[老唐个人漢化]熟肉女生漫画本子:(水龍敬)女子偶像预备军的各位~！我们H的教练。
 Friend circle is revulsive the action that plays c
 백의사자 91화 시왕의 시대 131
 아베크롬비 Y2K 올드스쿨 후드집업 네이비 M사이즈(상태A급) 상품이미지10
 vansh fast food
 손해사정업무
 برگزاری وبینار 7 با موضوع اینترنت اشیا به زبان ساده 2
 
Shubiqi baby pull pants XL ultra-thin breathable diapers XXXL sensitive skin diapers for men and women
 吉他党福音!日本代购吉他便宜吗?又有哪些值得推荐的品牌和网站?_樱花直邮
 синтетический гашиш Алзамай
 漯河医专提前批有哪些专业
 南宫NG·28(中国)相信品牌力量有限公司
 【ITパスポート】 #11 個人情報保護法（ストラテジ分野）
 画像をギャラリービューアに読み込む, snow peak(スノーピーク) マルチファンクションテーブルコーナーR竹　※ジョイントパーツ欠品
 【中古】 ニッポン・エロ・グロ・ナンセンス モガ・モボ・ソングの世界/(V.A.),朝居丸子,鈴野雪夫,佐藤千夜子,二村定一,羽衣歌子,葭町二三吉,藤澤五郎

## Task goal
Repeat exactly the lines of the material from the one with "синтетический гашиш Алзамай" through the end, both the first and the last included.

## Response below
 синтетический гашиш Алзамай
 漯河医专提前批有哪些专业
 南宫NG·28(中国)相信品牌力量有限公司
 【ITパスポート】 #11 個人情報保護法（ストラテジ分野）
 画像をギャラリービューアに読み込む, snow peak(スノーピーク) マルチファンクションテーブルコーナーR竹　※ジョイントパーツ欠品
 【中古】 ニッポン・エロ・グロ・ナンセンス モガ・モボ・ソングの世界/(V.A.),朝居丸子,鈴野雪夫,佐藤千夜子,二村定一,羽衣歌子,葭町二三吉,藤澤五郎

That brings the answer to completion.